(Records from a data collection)
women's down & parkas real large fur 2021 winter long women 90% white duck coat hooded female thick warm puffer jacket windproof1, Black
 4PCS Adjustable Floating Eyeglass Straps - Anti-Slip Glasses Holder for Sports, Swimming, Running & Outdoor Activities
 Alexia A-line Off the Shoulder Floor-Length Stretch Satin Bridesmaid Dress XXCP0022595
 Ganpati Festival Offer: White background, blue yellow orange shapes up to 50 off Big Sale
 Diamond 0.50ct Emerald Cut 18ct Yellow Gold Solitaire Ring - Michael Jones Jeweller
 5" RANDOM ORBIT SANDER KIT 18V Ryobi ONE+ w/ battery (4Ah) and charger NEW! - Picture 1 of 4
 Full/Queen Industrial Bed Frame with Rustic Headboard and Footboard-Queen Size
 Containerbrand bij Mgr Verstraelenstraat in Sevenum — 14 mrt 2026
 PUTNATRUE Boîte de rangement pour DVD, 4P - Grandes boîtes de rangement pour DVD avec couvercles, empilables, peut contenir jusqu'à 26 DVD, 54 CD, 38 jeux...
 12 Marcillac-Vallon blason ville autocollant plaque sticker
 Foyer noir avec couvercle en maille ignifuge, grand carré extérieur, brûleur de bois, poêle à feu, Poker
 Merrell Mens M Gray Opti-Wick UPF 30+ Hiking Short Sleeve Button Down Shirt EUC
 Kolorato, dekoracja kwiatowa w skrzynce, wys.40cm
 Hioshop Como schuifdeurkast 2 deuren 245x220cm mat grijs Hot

• Work instruction
The lines to copy run from the one containing "PUTNATRUE Boîte de" through the last line above. Copy them exactly and include nothing else.

• Task response
 PUTNATRUE Boîte de rangement pour DVD, 4P - Grandes boîtes de rangement pour DVD avec couvercles, empilables, peut contenir jusqu'à 26 DVD, 54 CD, 38 jeux...
 12 Marcillac-Vallon blason ville autocollant plaque sticker
 Foyer noir avec couvercle en maille ignifuge, grand carré extérieur, brûleur de bois, poêle à feu, Poker
 Merrell Mens M Gray Opti-Wick UPF 30+ Hiking Short Sleeve Button Down Shirt EUC
 Kolorato, dekoracja kwiatowa w skrzynce, wys.40cm
 Hioshop Como schuifdeurkast 2 deuren 245x220cm mat grijs Hot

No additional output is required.